Suppose $\Omega:=B(0,1)\subset \mathbb R^2$. Let $u\in BV(\Omega)$ be a radially symmetric, i.e., $u(x)=u(Rx)$ for all $R\in SO(2)$. In addition, suppose $w$ to be an affine function,. i.e., $\partial_1 w=c_1$, $\partial_2w=c_2$ where $c_1$ $c_2$ are two constant.

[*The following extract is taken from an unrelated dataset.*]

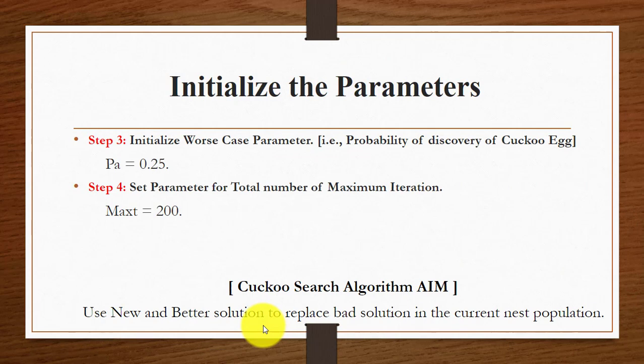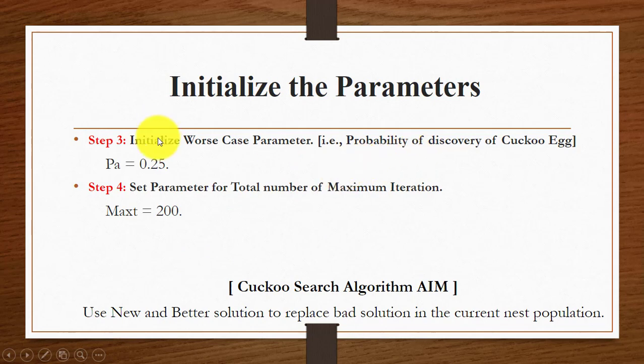The next step is to initialize the worst-case parameter — the probability of discovery of the cuckoo's egg — with value 0.25, which is in the range 0 to 1. The aim of this algorithm is to replace better or new solutions with bad solutions in the current population.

I am wondering could we obtain a sequence of function $(u_n)\subset C^\infty(\bar\Omega)$ with $u_n$ is radially symmetric and $$ \|\nabla u_n\|_{L^1(\Omega)}\to \|Du\|_{\mathcal M(\Omega)}\tag 1$$ as well as $$ \|\nabla u_n+\nabla w\|_{L^1(\Omega)}\to \|Du+\nabla w\|_{\mathcal M(\Omega)}\tag 2$$ where $\|\cdot\|_{\mathcal M(\Omega)}$ means the total variation of radon measure.\
Thank you!
Let $\phi$ be a standard bump function (radially symmetric, and in particular even: $\phi(-x)=\phi(x)$). I claim that $w*\phi=w$. Indeed, write $w(x) = a+\langle b,x\rangle$ and compute $$ (w*\phi)(x) = \int \phi(y)(a+\langle b,x-y\rangle)\,dy = a + \langle b,x\rangle - \int \phi(y)\langle b,y\rangle\,dy $$ Here the integrand $\phi(y)\langle b,y\rangle$ changes sign when $y$ is replaced by $-y$; therefore, $\int \phi(x-y)\langle b,y\rangle\,dy=0$ by symmetry. We conclude with $$ (w*\phi)(x) = w(x) $$
Let $u_n $ be $u$ convolved with $n^{-1} \phi(x/n)$. Then (1) holds. And since $u_n+w$ is equal to the convolution of $u+w$ with $n^{-1} \phi(x/n)$, (2) holds as well.